Web scraping is also increasingly used by scholars to create data sets for text mining projects, such as collections of journal articles or digitised texts.
Is scraping the best option?
Scraping can automate repetitive data retrieval tasks but depending on the site there may be simpler ways to accomplish this. Choose the easiest tool for the job:
- Check whether or not you can easily copy and paste data from a site into Excel or Google Sheets. This might be quicker than scraping.
- Check whether the site provides an export feature with the data you need (e.g. for contact lists or search results).
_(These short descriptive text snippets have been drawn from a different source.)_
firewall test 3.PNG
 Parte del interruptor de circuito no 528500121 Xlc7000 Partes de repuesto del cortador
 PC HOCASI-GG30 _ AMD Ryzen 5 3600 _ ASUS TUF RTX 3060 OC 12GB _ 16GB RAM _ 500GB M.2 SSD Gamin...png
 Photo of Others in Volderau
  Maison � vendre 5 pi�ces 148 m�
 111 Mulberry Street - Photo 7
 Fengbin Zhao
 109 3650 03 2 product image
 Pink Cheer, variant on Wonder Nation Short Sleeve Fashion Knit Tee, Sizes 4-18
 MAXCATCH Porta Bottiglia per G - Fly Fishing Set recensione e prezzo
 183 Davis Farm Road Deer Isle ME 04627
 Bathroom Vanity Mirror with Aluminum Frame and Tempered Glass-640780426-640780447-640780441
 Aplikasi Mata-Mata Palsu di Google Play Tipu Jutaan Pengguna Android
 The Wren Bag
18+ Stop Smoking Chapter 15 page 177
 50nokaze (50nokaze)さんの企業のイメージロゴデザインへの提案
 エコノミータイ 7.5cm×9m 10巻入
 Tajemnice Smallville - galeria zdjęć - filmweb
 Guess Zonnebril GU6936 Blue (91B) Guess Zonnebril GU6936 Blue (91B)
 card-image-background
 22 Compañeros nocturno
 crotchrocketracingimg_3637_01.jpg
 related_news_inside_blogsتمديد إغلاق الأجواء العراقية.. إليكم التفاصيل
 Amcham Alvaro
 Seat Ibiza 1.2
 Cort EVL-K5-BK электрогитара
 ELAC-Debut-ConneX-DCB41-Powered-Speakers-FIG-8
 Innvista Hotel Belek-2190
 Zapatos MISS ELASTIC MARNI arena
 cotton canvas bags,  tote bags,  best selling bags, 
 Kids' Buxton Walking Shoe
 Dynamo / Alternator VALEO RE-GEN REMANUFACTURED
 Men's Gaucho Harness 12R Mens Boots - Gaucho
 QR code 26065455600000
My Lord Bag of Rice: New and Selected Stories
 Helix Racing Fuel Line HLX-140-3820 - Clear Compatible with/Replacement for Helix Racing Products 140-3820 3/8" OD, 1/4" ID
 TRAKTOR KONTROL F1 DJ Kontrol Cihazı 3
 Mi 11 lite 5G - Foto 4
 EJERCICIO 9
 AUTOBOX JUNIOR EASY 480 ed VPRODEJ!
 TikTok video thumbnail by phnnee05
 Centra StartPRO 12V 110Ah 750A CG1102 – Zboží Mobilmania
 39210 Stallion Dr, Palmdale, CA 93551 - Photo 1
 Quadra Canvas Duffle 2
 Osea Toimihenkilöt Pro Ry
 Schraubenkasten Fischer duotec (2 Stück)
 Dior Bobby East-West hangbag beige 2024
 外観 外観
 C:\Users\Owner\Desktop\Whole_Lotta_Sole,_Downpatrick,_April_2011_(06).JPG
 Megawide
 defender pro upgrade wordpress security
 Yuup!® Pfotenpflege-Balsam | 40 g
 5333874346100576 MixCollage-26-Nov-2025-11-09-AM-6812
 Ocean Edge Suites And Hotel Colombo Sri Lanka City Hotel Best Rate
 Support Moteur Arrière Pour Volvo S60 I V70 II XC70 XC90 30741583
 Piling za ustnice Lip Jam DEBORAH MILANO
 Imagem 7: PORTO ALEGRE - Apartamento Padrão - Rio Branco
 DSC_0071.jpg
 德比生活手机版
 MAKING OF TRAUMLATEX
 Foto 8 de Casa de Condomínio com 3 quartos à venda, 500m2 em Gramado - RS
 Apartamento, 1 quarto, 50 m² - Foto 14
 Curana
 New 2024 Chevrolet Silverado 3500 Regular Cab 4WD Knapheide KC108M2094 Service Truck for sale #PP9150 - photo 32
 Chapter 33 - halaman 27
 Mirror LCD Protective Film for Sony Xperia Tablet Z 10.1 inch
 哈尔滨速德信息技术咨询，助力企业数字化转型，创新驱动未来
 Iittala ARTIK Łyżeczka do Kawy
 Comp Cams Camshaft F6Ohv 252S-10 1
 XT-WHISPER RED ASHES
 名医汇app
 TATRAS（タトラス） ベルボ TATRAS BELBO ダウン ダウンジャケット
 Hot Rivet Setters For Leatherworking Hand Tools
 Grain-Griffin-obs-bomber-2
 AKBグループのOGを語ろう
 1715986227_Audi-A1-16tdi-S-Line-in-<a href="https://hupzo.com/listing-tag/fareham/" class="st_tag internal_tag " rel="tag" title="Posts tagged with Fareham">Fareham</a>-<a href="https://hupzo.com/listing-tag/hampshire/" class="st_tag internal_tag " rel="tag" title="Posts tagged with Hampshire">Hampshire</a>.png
- Check if the site or service provides an API to extract structured data. Depending on your comfort level with APIs this could be more efficient.
Ethics and considerations
The ethics of web scraping are extremely important, by learning about these easy and powerful tools, you also have a responsibility to use them appropriately and legally. Just because something is online does not mean it is free to scrape. Sites may wish to control how the information they provide is accessed and used. A few questions to consider when deciding whether web scraping is appropriate:
- Am I allowed to take this data? Check the website for terms of use that affect web scraping.
- Are there restrictions on what I can do with this data? Making a local copy of publicly available data is usually OK, but there may be limits on use and redistribution of the content. Look for any copyright statements on the website.
- Am I overloading the website’s servers? Scraping practice should respect the website’s access rules, often encoded in robots.txt files.
There are grey areas as scraping involves interacting with a website in a way that the site owner might not have intended. When in doubt get in touch with a librarian or contact UBC’s Copyright Office.
Understanding website structure
View slides for this section
Website content is usually represented using HTML, or Hypertext Markup Language. Web servers make HTML content available to browsers using a data transfer protocol called HTTP (Hypertext Transfer Protocol). Two of the most common HTTP request methods are get (to request data from a server) and post (to send data to a server).
Web scraping tools use a website’s HTML structure to navigate the page and identify the content to scrape. Effective use of web scraping tools requires a basic understanding of how web pages are structured. Sites whose underlying structure is well organized and descriptive are usually easier to scrape.